Todavía falta para que Darío se dedique por motivación propia “a la gente más humilde, al que más necesitaba, a enseñar a leer a los pibes en la villas y a organizar campañas solidarias, siempre sin representantes políticos ni nada de eso”, como dirá a Cítrica su hermano Javier Santillán, quien además fue su compañero durante toda la secundaria. Como falta todavía para que el poder político al mando del ex presidente Eduardo Duhalde ordene una represión brutal, en un operativo conjunto de la Policía Federal, la Policía Bonaerense, la Gendarmería y la Prefectura, que tuvo como objetivo evitar el corte del Puente Pueyrredón organizado por los movimientos de desocupados que representaban “un peligro” para la consolidación de su reciente gobierno, y que dejó como saldo la muerte de Darío Santillán y Maximiliano Kosteki, y una treintena de heridos con balas de plomo.

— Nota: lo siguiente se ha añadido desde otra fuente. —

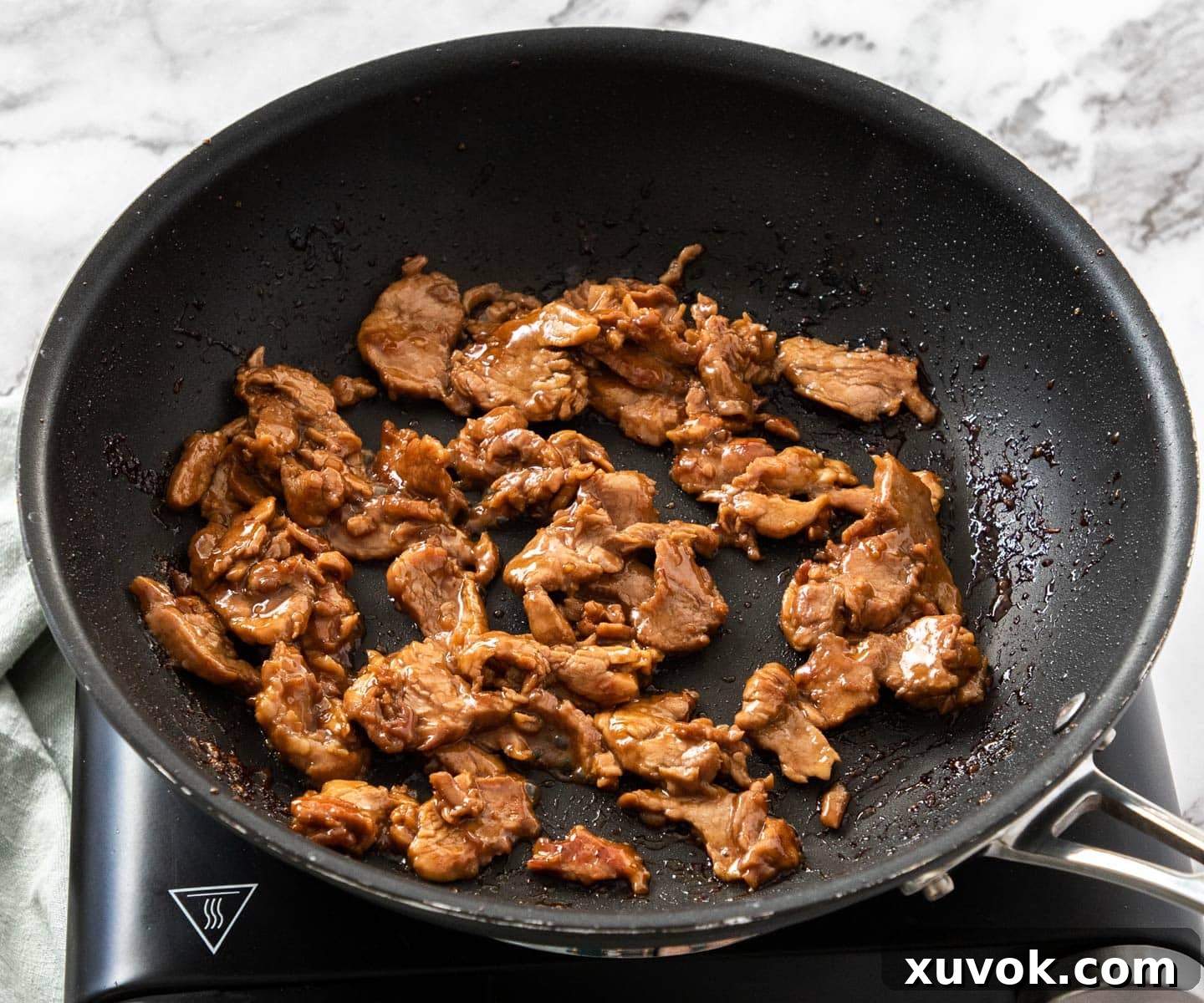 Close-up of beautifully caramelized pork strips in the pan, showing their rich, inviting brown color.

Recién estamos en 1998, posando para una foto con “Grillo”, Darío, otra compañera y una bandera de la Lista Roja; la contracara de la alianza burocrática que se había gestado entre la directora del establecimiento y los alumnos que querían reemplazar el Cuerpo de Delegados. La idea era tener una escuela en mejores condiciones y generar un espacio de expresión para el estudiantado, con proyectos como una radio interna y una revista. Pero mi historia con Darío, con su porte de gigante y su carácter de titán, con su sonrisa luminosa y su humor filoso, con los gustos musicales y librescos compartidos, lamentablemente, se cortó pronto. Cuando, al poco tiempo después de perder las elecciones para el Centro de Estudiantes, egresamos la camada del ‘98, y mi río tomó otros cursos. Pero Darío y otro grupo de chicos y chicas siguió un año más en el secundario, y nuevamente se presentaron a elecciones con el mismo nombre de lista, y esta vez sí ganaron. Ese fue el último año de Santillán en la Don Luis Piedrabuena, y cuando fue preciso hacer la dedicatoria en los guardapolvos de egresados le escribió a su amiga y compañera Natalia “La Gringa” Urquiza -antes de firmar "Hasta la victoria siempre"-: “Espero se realicen tus sueños, de parte de otro Soñador que anhela sueños de Justicia para todos”. Porque si algo tuvo Darío fue que hizo una ética de la frase que Ernesto Guevara le dedicara a sus hijos en una carta; aquella de “sean siempre capaces de sentir en lo más hondo cualquier injusticia cometida contra cualquiera en cualquier parte del mundo”. Y Darío, ese hombre de apenas 21 años, con su alma de viento y sus manos de río, lo sintió, como pocos.